* **Task details**
Write out the records below from the first line through the line containing "Uma sala de", leaving out any pictures.

** Opening Exercise data block **

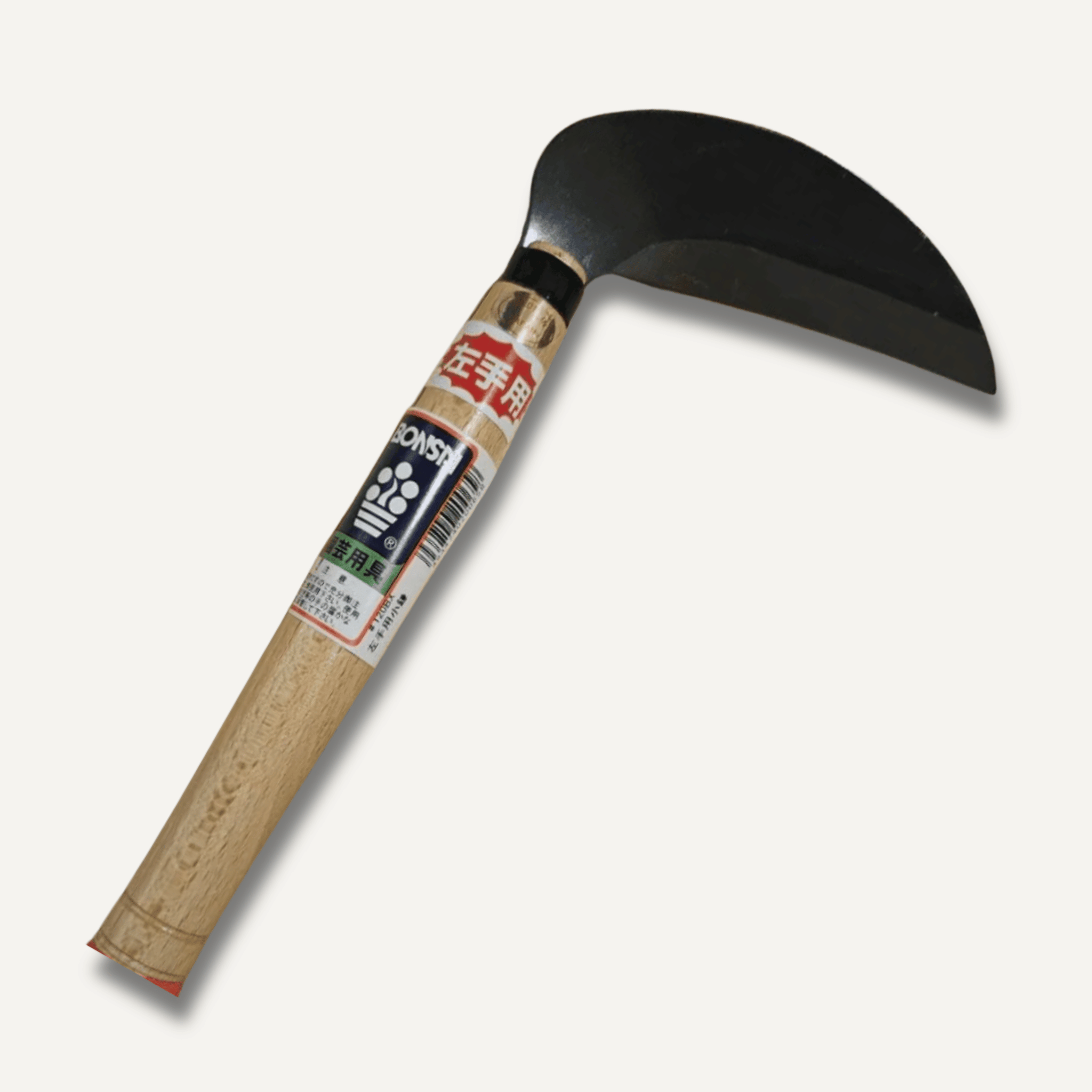 Left handed sickle with wooden handle and black blade on a white background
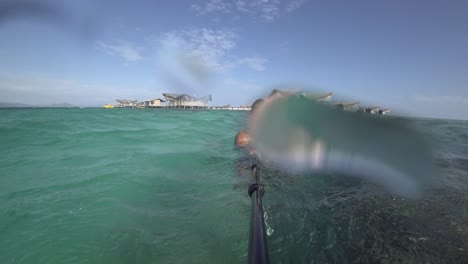 a young, fit and strong man with long hair and beard goes underwater with snorkeling goggles and then jumps back up over the surface and enjoys the sun alone by himself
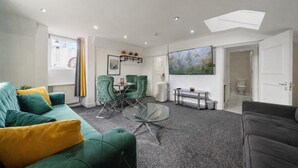 Uma sala de estar moderna com sofá, mesa de centro de vidro e área de jantar com cadeiras.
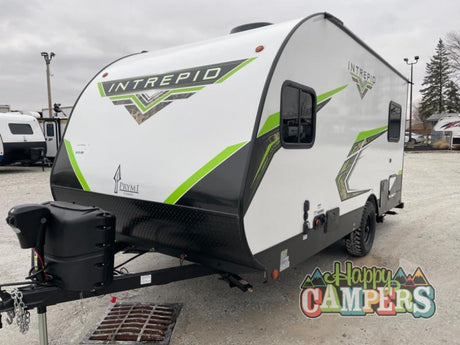 Front view of a white & black Intrepid travel trailer RV with bold lime green accents, ideal for rv rental adventures.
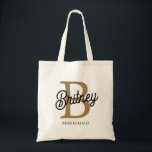 Tote Bag Monogramme moderne Nom Black Gold Script Bridesmai<br><div class="desc">Le Sac fourre-tout moderne Elegant Monogram Name Black Gold Script allie sophistication et fonctionnalité. Ce fourre-tout est doté d'un élégant tissu noir orné d'élégants monogramming de script doré, ce qui le rend à la fois élégant et personnalisé. L'intérieur spacieux est parfait pour l'essentiel quotidien, tandis que les poignées robustes assurent...</div>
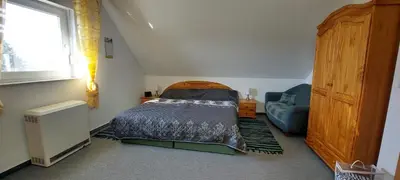 Ein Bett oder Betten in einem Zimmer der Unterkunft Adonis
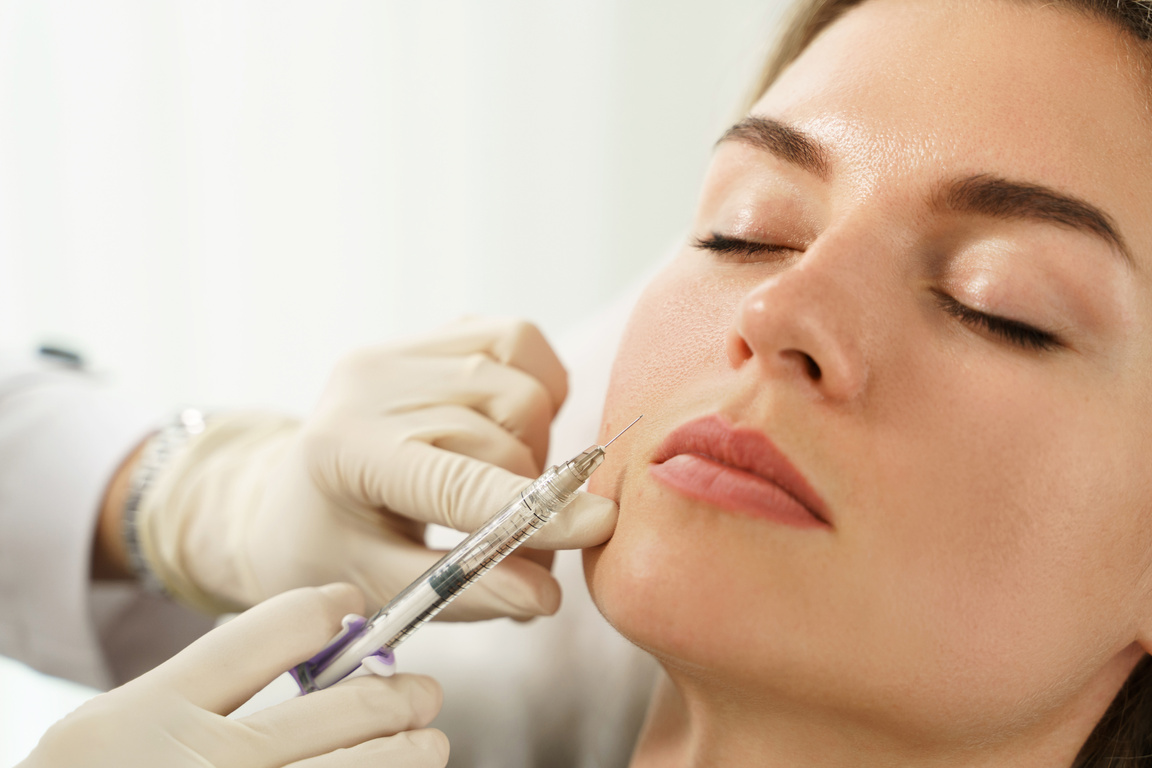 Woman during Facial Filler Injections in Aesthetic Medical Clini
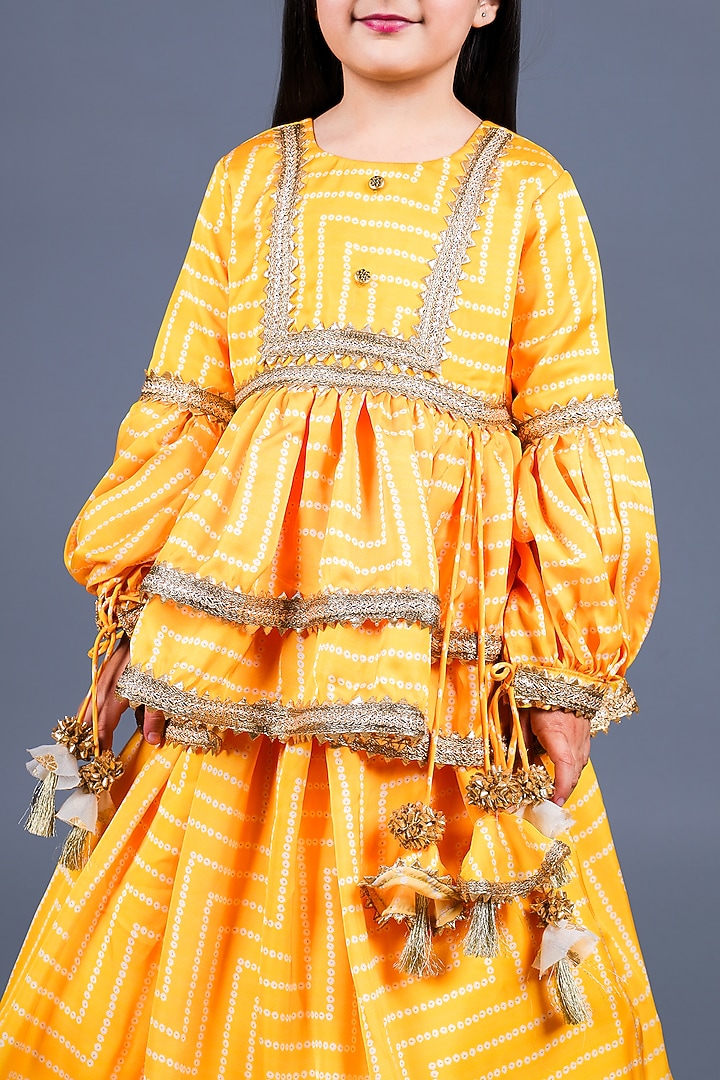 Yellow Cotton & Poly Printed Lehenga Set For Girls by Shining Kanika at Pernia's Pop Up Shop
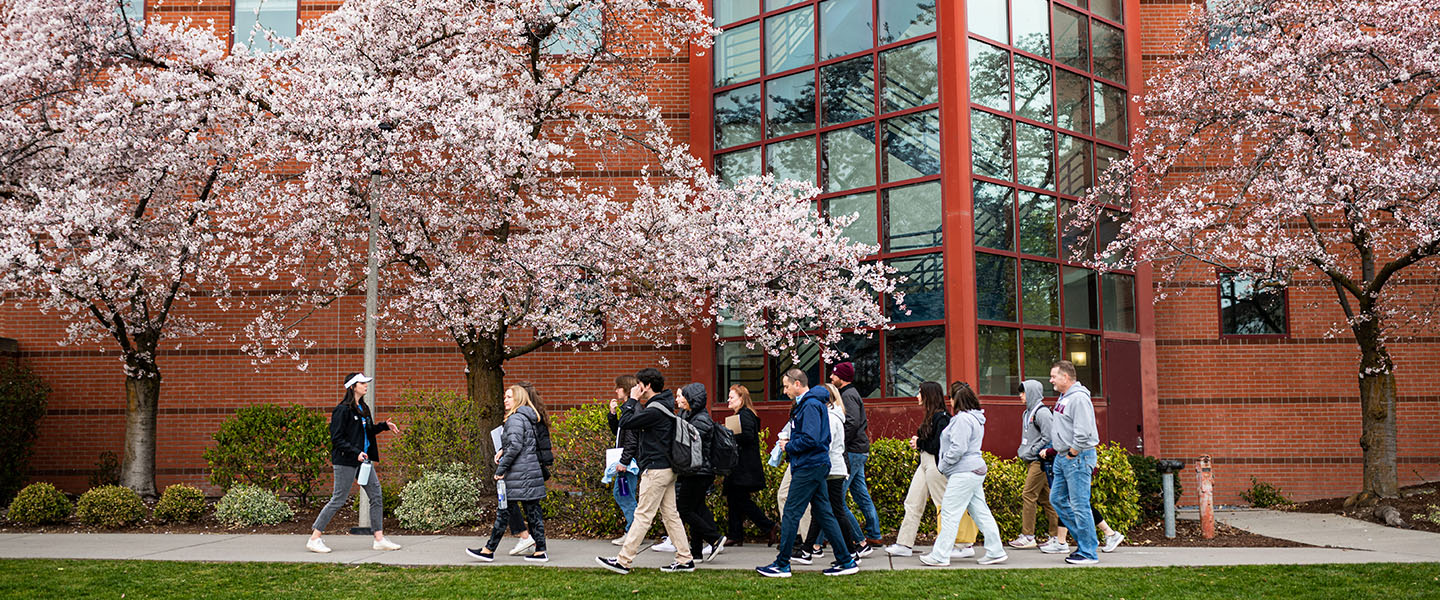 A campus tour walks by Foley Library.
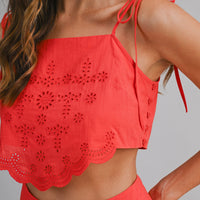 Red crop top with intricate lace detailing on a gray background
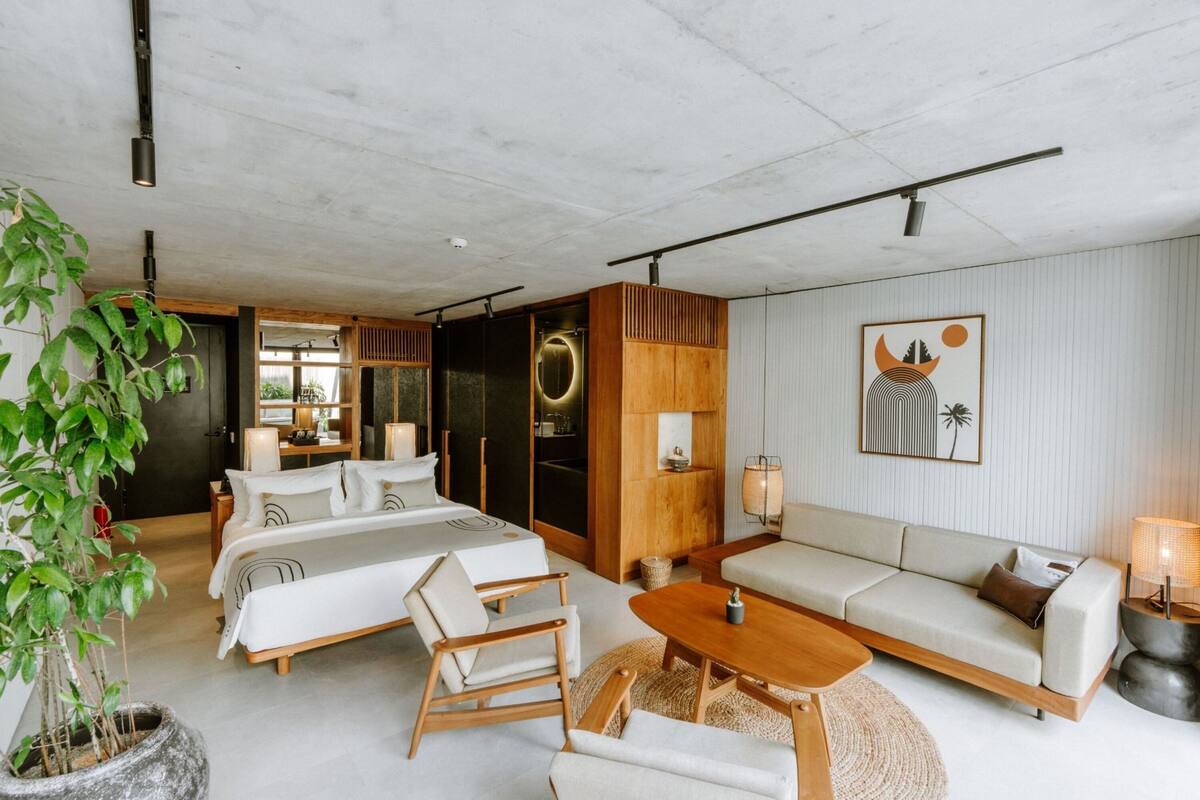 Una habitación de hotel moderna con cama, sofá, sillas, una mesa de centro y una planta en maceta.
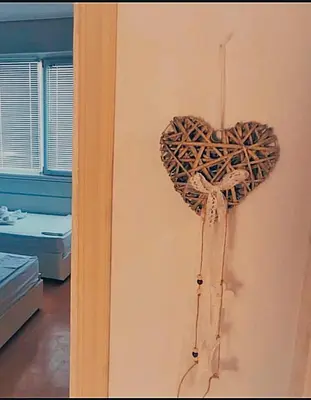 a heart hanging on a wall in a room at Апартамент Арена Бургас in Burgas City
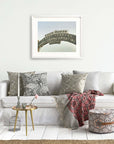 A cozy living room with a white sofa adorned with patterned cushions, an Offley Green Los Angeles California Print, 'Santa Monica Pier Blues' above it, a small round table with books and cups, and a colorful woven throw blanket.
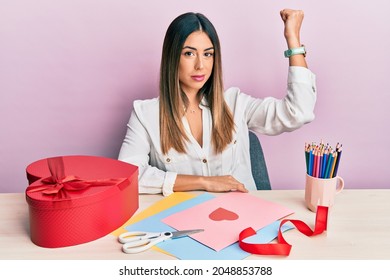 Young Hispanic Woman Making Valentine Gift Sitting On The Table Strong Person Showing Arm Muscle, Confident And Proud Of Power 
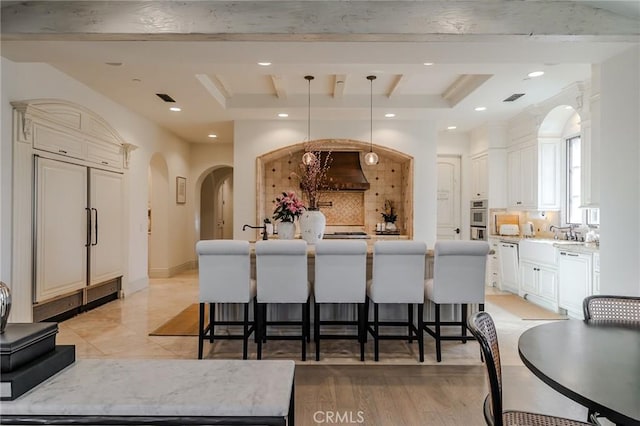 kitchen with decorative light fixtures, a raised ceiling, light wood-type flooring, and a kitchen island with sink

** Closing Exercise data block **

* **Answer box**
 Left handed sickle with wooden handle and black blade on a white background
 a young, fit and strong man with long hair and beard goes underwater with snorkeling goggles and then jumps back up over the surface and enjoys the sun alone by himself
 Uma sala de estar moderna com sofá, mesa de centro de vidro e área de jantar com cadeiras.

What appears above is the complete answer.